Yes it's that Peter Torrence again, he of Subsunk and Seabase Delta fame, following up his first GAC foray with this one here, a trip into your average computer whizzkid's Imagination.

You start your trip into fantasy in a most prospic pose - that of you sitting at your computer console, with only the loading of a disc between you and all the horrors that lie in the average adventure. Two immediate irritations soon make themselves felt even this early on: the blinding white background is a sure-fire cert for headaches, while the curious GAC input format, which has your input split asunder (eg D followed by ISC on a new lint) doesn't half look untidy. Further, as I mentioned last month concerning GAC games, there is a tendency to be left with the end of the last description capping the new one - a most unsightly state of affairs. All of this follows the most irritating loading routine imaginable (short squeals, rather like the rhythmic strangling of a chicken), presumably designed to foil those poor souls who can't even afford a £1.99 game, and a loading screen by Fish (I knew Marillion's days were numbered!).

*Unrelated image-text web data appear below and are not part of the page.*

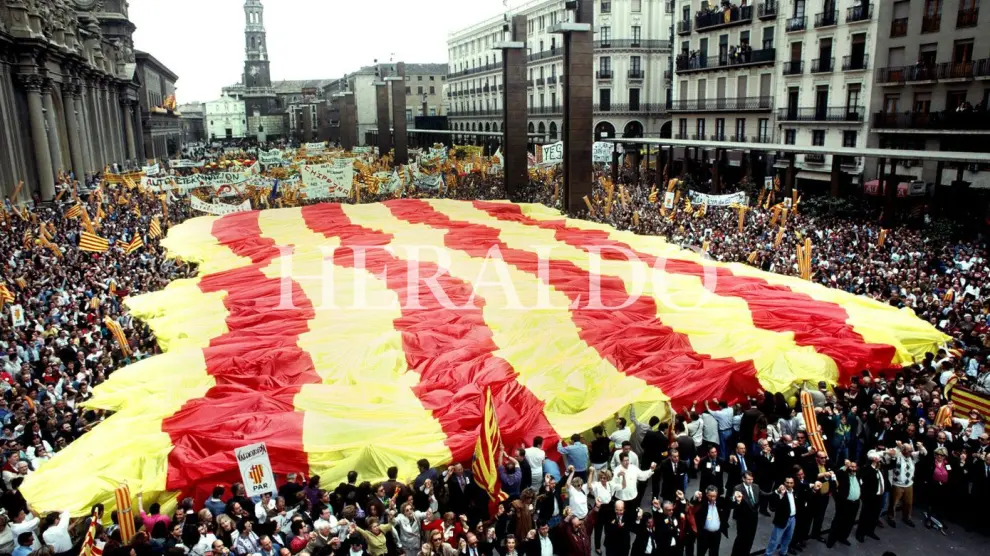Una bandera de Aragón de 3.000 metros cuadrados desplegada en la plaza del Pilar de Zaragoza en la manifestación por la autonomía y el trasvase del Ebro del 23 de abril 1993.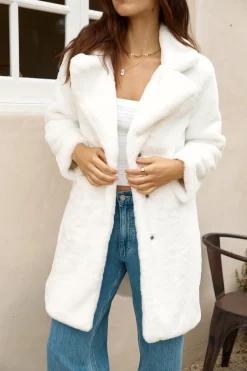 Fuzzy Feeling Coat White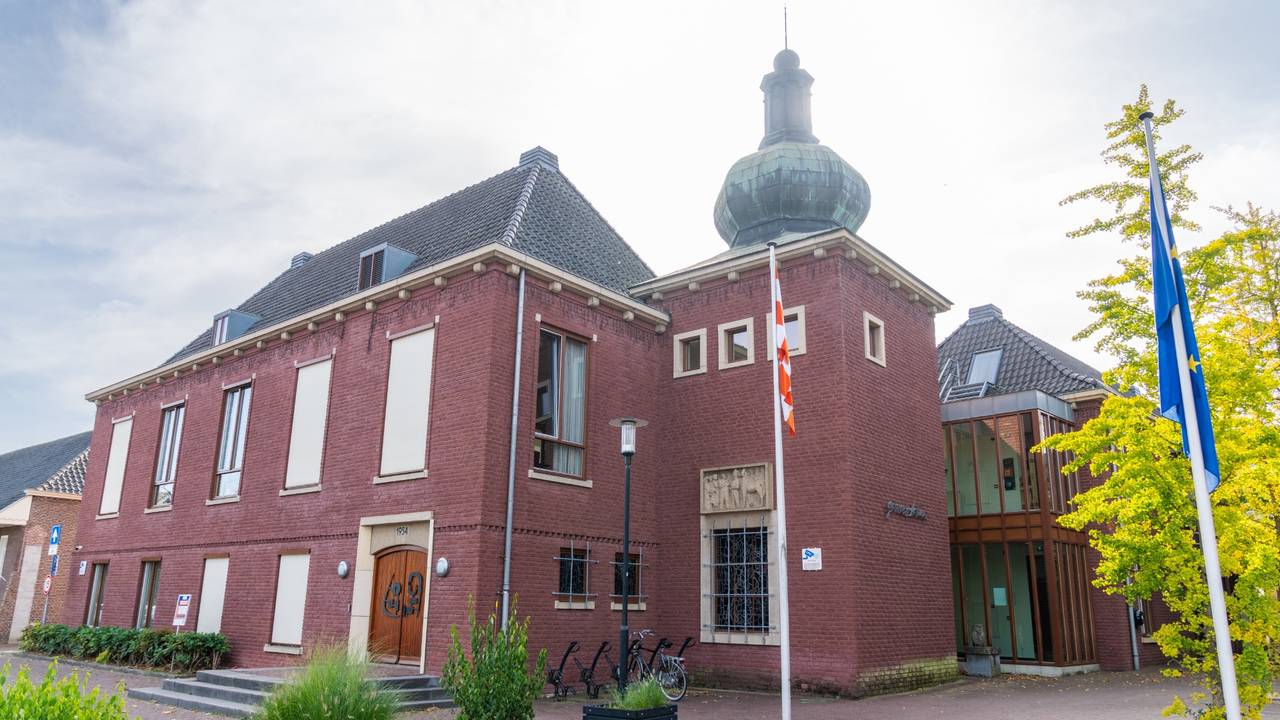 Het gemeentehuis van de gemeente Heeze-Leende (foto: Persbureau Heitink)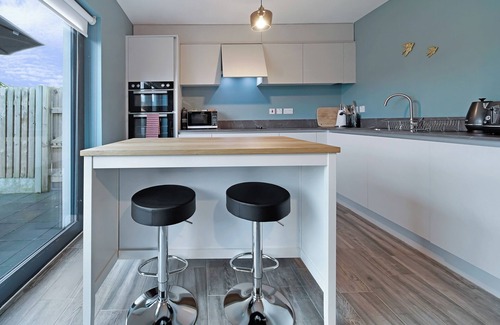 Donegal House | Westpoint - Beautiful, New & Modern, Town Location, Garden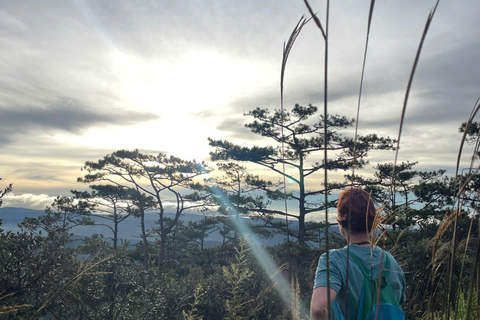 Dalat: Hiking the Mountain to observe the cloud and sunrise Da Lat: Hiking the Mountain to observe the cloud and sunrise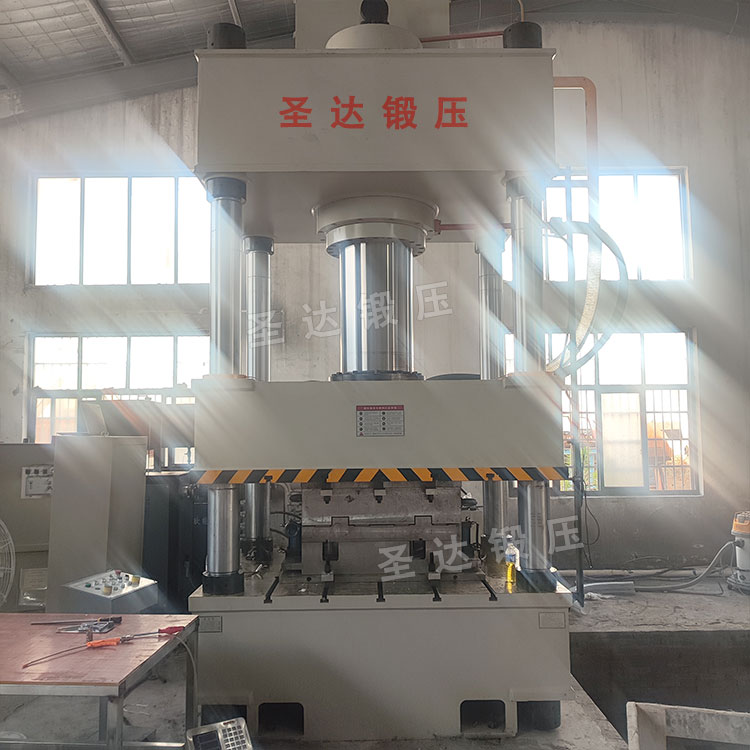 630噸石英石水槽成型液壓機(jī) 630噸石英石水槽成型液壓機(jī)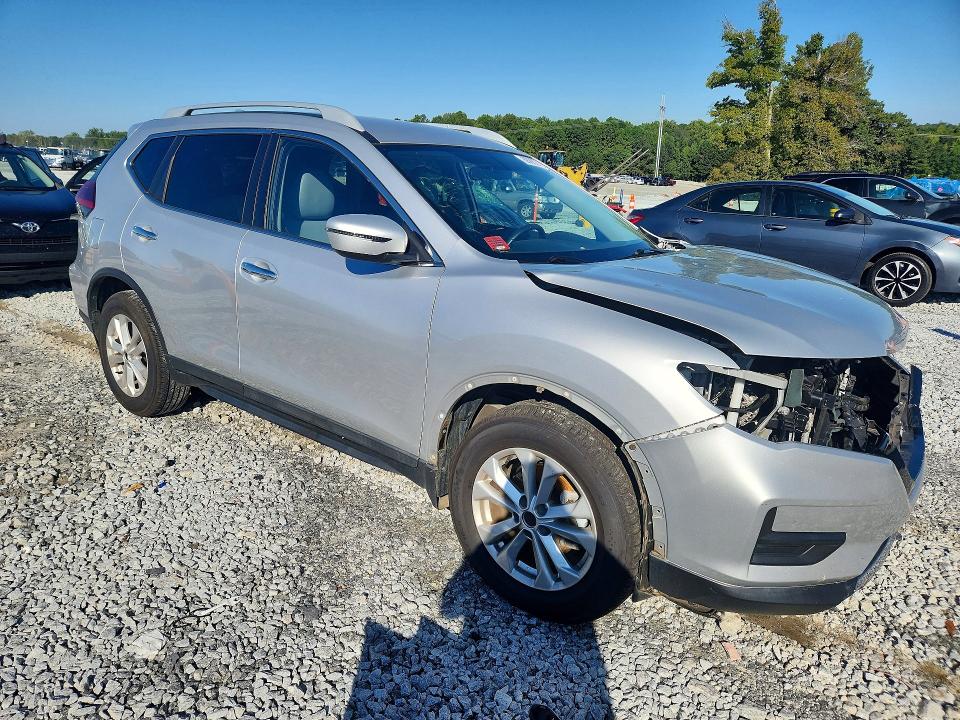 2018 Nissan Rogue მანქანა იყიდება აუქციონზე, vin: 5N1AT2MT2JC828865, აუქციონის ნომერი: 68862176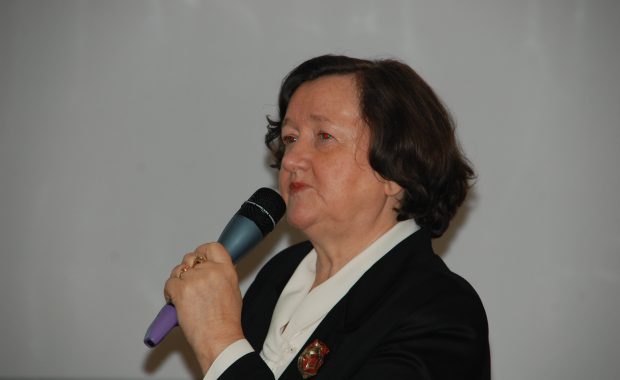 prof. Elżbieta Skrzypek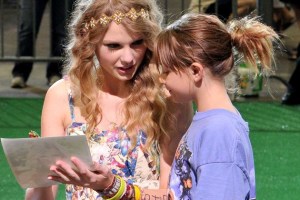 0708_taylor_swift_autographs_970-630x420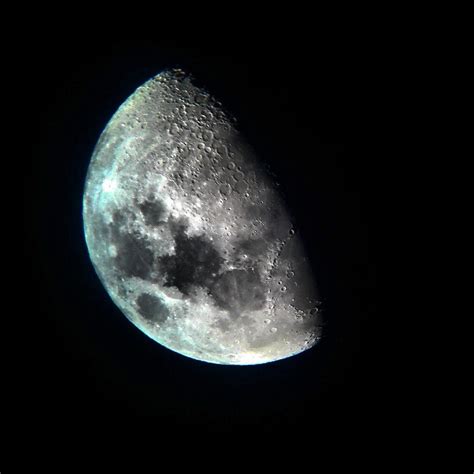 Tonights Waxing Gibbous Moon From Bristol Uk Caught With A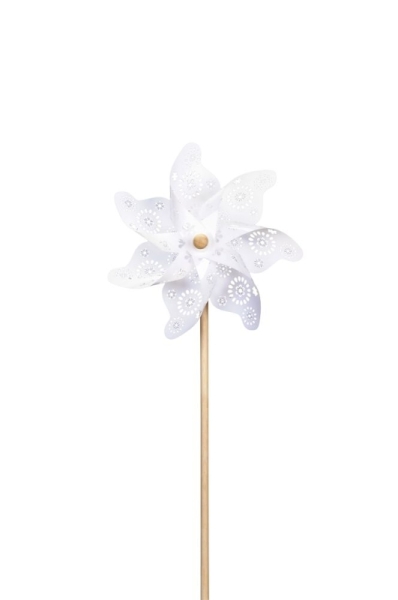Wind turbine white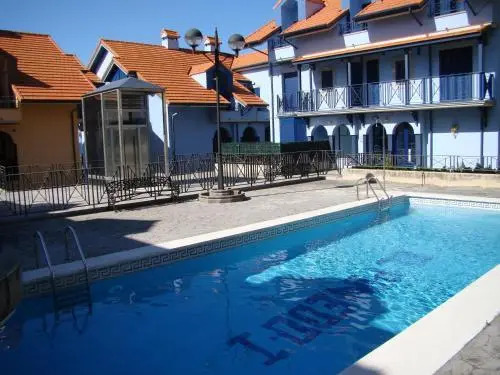 Apartamentos El Pinedo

Only a little further on, another irritant proudly introduces itself. Due to the large area of the screen devoted to GAC graphics, LOOK is often needed to flick back up a location description lost by input scrolling it up and off. Unfortunately the universal 'L' is not accepted and LO is mistaken for LOAD. This is a small gripe, but it gets bigger the more often LOOK is called into service! Similarly' I' is insufficient to call up an inventory of your possessions.

Imagination

Small exceptions out of the way, this really is quite a good trip round pretty familiar themes. The four titles of the games from which to choose say it all: 2002 - a very odd day in space, The Lords of Half Past Nine (a good two and a half hours early!), Panic Miner 9000 90 Niner, and Raid Over Margate. We are told that these games are linked in subtle and amusing ways, and so it turns out, with each game inextricably linked to the other and with items and problems zipping about all over the place.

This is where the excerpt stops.